= EXERCISE =
For the material below, return exactly the lines starting at the line containing "20, SYCAMORE DRIVE, PENRITH, CA11" and ending at the line containing "Cape Neddick tide", both ends included, and no others.
[[ MATERIAL FOR THIS EXERCISE, beginning ]]
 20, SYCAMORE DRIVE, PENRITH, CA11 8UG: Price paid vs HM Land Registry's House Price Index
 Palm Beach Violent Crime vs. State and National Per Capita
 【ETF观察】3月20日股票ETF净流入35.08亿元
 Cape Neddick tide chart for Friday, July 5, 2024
[[ MATERIAL FOR THIS EXERCISE, end ]]
[[ MATERIAL FOR THIS EXERCISE, beginning ]]
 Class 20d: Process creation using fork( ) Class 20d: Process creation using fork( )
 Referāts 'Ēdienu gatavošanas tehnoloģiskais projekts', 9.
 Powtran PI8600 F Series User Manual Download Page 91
[[ MATERIAL FOR THIS EXERCISE, end ]]
= ANSWER FOR THIS EXERCISE =
 20, SYCAMORE DRIVE, PENRITH, CA11 8UG: Price paid vs HM Land Registry's House Price Index
 Palm Beach Violent Crime vs. State and National Per Capita
 【ETF观察】3月20日股票ETF净流入35.08亿元
 Cape Neddick tide chart for Friday, July 5, 2024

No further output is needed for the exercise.